![]() Auf einem Bein lässt's sich bekanntlich schlecht stehen, und so dachte man in Zuffenhausen angesichts des abzusehenden Ablebens der Frontmotor-Typen 968 und 928 bereits über ein Porsche-typischeres Einstiegsmodell nach, um eine dräuende Elfer-Monokultur abzuwenden. Noch zwei Parameter wurden den Designern und den Technikern mit auf den Weg gegeben. Die Novität für den Nachwuchs, der sich mit wachsendem Wohlstand einmal für das hierarchisch übergeordnete Produkt der Marke entscheiden mochte, sollte Anklänge an die Legende 550 Spyder wecken und aus Gründen der Kostenersparnis möglichst viele Bauteile mit dem zeitgenössischen 993 teilen.

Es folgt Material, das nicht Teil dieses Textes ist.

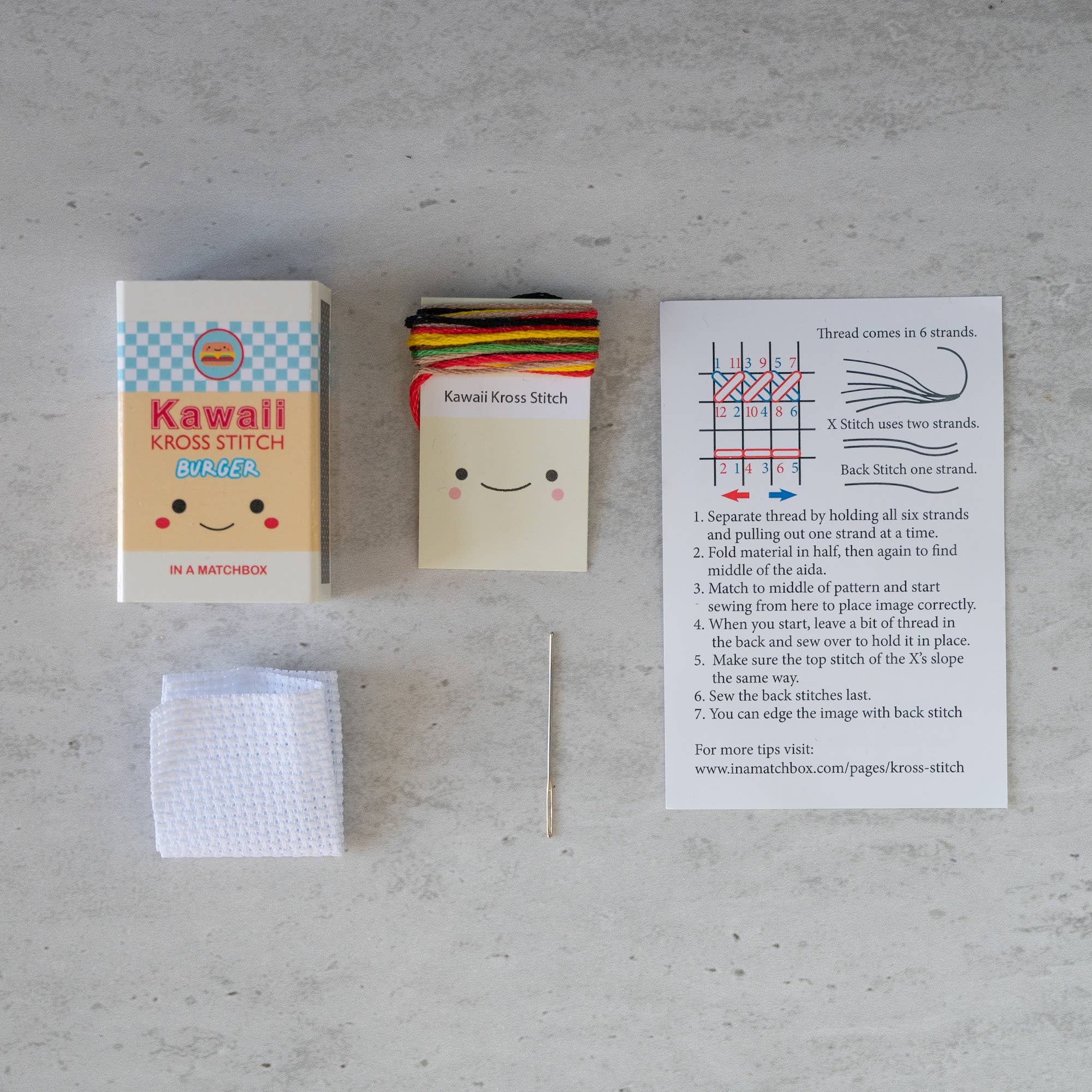 Kawaii Burger Mini Cross Stitch Kit - Image 4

Eine Studie auf der Motorshow in Detroit 1993 wies den Weg, der später gleichwohl nicht in allen Punkten beschritten wurde. Sein Name: Boxster, eine hybride Mixtur aus Boxer und Roadster. Prototypen glitschten im Winter 1995/96 im schwedischen Arjeplog bei minus 25 Grad über zugefrorene Seen, im September fuhren 700 Vorführwagen bei den Porschehändlern vor, ab 18. Oktober wurde der Boxster dort selbst käuflich zu messerscharf kalkulierten 76500 Mark. Sie hätten die Anschaffung zweier Exemplare des weitläufigen Roadster-Rivalen Fiat Barchetta ermöglicht. Es war eine gute Investition – Zweithand-Exemplare erzielten künftig auf dem Gebrauchtwagenmarkt Spitzensätze.

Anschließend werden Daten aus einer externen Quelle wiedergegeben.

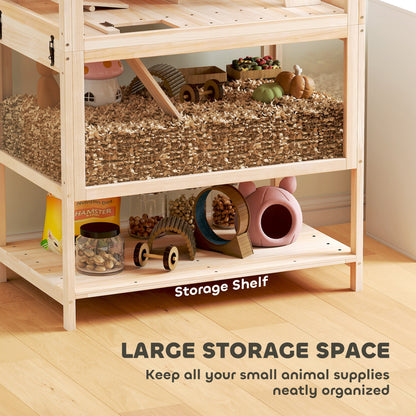 Wooden 3 Tier Hamster Cage with Storage Shelf for Dwarf, Gerbil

Kein Wunder: Mit dem Boxster erwarb der Kunde in der Tat Porsche pur. Mittig hinter den beiden Insassen werkte nämlich knapp vor der Hinterachse und den Blicken in einem Verlies unterhalb des elektrischen Verdecks entzogen der komplett überarbeitete Sechszylinder, dessen Kraft durch ein manuelles Getriebe oder die Tiptronic mit jeweils fünf Fahrstufen vermittelt wurde. Man beschied sich mit zunächst 2480 cm³ und 204 PS, um den Respektabstand zum Primus 911 zu wahren. Er hatte vier Ventile pro Brennraum, er arbeitete mit variablen Steuerzeiten, und er war wassergekühlt. Seine Atemluft bezog er durch die seitlichen Einlässe hinter den Türen, für moderates Klima sorgten die Trockensumpf-Ölkühlung und die beiden Ölkühler in den vorderen Kotflügeln. Dem fetten Mittelendrohr, das nostalgische Erinnerungen an den Sebring-Auspuff des Spyders oder rennmäßig aufbereiteter Carrera der Endfünfziger und Anfangssechziger heraufbeschwor, entströmte wider alles Erwarten einfühlsam komponierter Boxersound. Dem dynamischen Klang entsprach sein Temperament, trefflich gebändigt durch das Fahrwerk des 993/996, wobei die Hinterräder von einer einfacher aufgebauten Stablenkerachse geführt wurde, die auf den Fahrschemel des 911 verzichtete und direkt am Bodenblech angeschraubt wurde. Wer es dennoch zu bunt trieb, wurde bei einer unfreiwilligen Rolle durch zwei massive Sturzbügel behütet.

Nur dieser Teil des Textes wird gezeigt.